Let’s go over it. Like any recursive algorithm we’ll handle the base case, Ore. If we are asked to create Ore, we just return the `amount` requested as its cost. In any other case, we’ll need to do some work. First, we’ll check how much of the requested material we have in `inventory`. Next, we’ll calculate the `needQuantity` by subtracting whatever we found in inventory. If we found what we need entirely in inventory, we take it and return a cost of 0, because it has already been created. If we didn’t find anything in inventory, our `needQuantity` is the original `amount` requested.

If inventory didn’t cover us, we’ll need to get the `recipe` and calculate how many times we need to execute it (`iterations`).
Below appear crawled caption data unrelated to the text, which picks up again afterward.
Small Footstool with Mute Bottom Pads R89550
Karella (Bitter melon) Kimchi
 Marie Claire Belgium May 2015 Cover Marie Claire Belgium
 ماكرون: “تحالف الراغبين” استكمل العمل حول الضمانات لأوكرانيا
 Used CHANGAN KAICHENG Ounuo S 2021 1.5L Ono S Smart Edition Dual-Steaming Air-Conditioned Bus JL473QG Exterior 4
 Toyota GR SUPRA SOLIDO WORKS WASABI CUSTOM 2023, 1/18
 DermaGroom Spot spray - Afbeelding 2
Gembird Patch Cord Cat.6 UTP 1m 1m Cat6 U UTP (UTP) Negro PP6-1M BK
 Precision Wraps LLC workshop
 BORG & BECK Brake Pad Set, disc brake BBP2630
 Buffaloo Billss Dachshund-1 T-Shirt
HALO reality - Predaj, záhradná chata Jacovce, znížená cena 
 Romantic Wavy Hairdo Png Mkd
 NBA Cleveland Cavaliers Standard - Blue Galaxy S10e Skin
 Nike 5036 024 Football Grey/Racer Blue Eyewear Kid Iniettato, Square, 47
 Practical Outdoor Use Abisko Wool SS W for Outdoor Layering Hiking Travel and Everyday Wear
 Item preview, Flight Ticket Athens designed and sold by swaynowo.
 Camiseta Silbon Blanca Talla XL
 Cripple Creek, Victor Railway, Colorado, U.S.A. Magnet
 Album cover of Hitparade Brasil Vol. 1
This requires us to do some conversions between `Long` and `Double` because Kotlin rounds down for integer math and we want it rounded up. So, if our recipe can make 5 units, and we need 13, we’ll need to run the recipe 3 times, not 2.

Next, we figure out how much will be `actuallyProduced` and put any excess into `inventory`. This allows other parts of the overall recipe to take it.

Finally, we calculate our cost by summing the cost (in Ore) it takes to produce each component of our `recipe`, times the number of `iterations` we need to make.

And then we can solve Part 1 by calling this function with all the default values:

``````fun solvePart1(): Long =
calculateCost()
``````

Star earned!

#### Day 14, Part 2

The puzzle text can be found here.

For this part we’re going to perform a binary search to get to our answer. We’ll continuously ask our existing function to generate differing amounts of Fuel and figure out what number gets us closest to one trillion.

First, a constant:

``````companion object {
private const val one_trillion = 1_000_000_000_000L
}
``````

Next, we’ll use `LongRange` as the basis for our binary search:

``````private fun LongRange.binarySearchBy(fn: (Long) -> Int): Long {
var low = this.first
var high = this.last
while (low <= high) {
val mid = (low + high) / 2
when (fn(mid).sign) {
-1 -> high = mid - 1
1 -> low = mid + 1
0 -> return mid // Exact match
}
}
return low - 1 // Our next best guess
}
``````

Essentially, this will get us the element in the range that is closest to the target. Most binary search algorithms either return the value or nothing, but we want a lesser tolerance and are willing to take the number in the range that is the closest to costing one trillion ore. We start by taking the full range into account (from first to last). If we still haven’t found our answer, and our range has not inverted, we’ll calculate a mid-point and test that with our function. We’ll use `.sign` for the third day in a row and then analyze the results. If we get a -1, we know the `mid` we just tested is too high, so we set the high point to one less than the `mid`. We do the opposite if we get a 1 (`mid` is too low, move the low end up). If we get a 0, we’ve hit the target exactly. In the end, we’ll return either an exact match or `low -1`, which is as close as we’ll get.

Using this, we can set up a very large range and search it with our new function:

``````fun solvePart2(): Long =
(0L..one_trillion).binarySearchBy { one_trillion.compareTo(calculateCost(amount = it)) }
``````

And with that, we’ve earned another star!